*** DATA ***
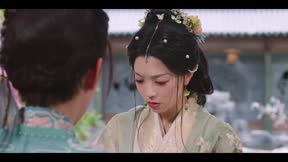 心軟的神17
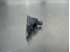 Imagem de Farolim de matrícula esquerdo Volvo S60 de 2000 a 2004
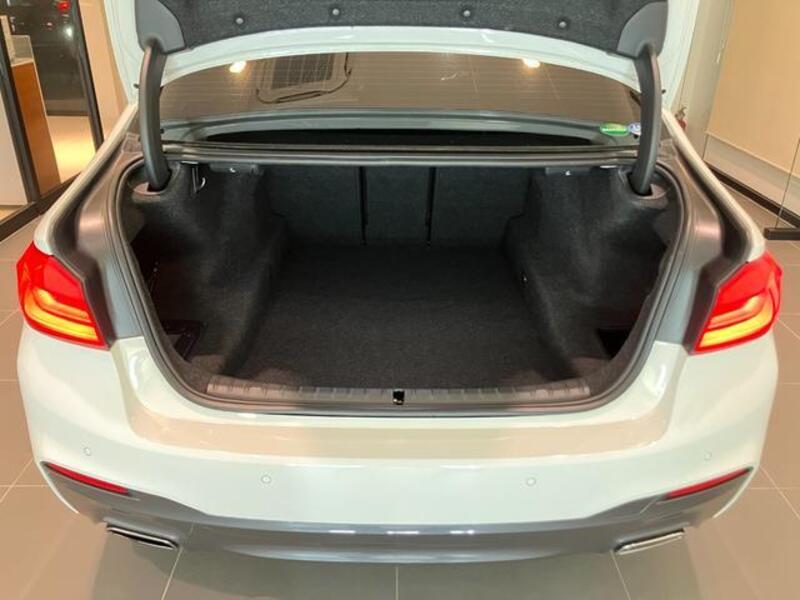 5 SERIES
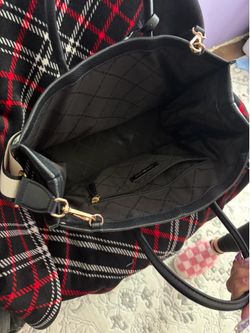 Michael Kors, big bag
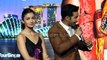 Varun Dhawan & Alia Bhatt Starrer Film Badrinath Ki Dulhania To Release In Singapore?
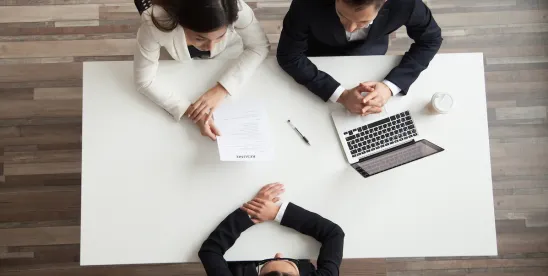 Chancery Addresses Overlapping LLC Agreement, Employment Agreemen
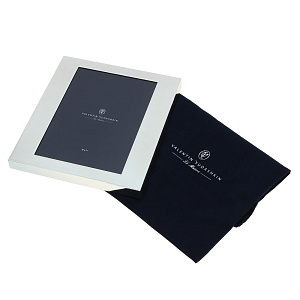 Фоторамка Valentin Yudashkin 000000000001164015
*** End of DATA ***
== YOUR TASK ==
Please quote the records above exactly, beginning at the line that contains "Chancery Addresses Overlapping" and ending at their last line. Leave the pictures out.

== RESPONSE BELOW ==
 Chancery Addresses Overlapping LLC Agreement, Employment Agreemen
 Фоторамка Valentin Yudashkin 000000000001164015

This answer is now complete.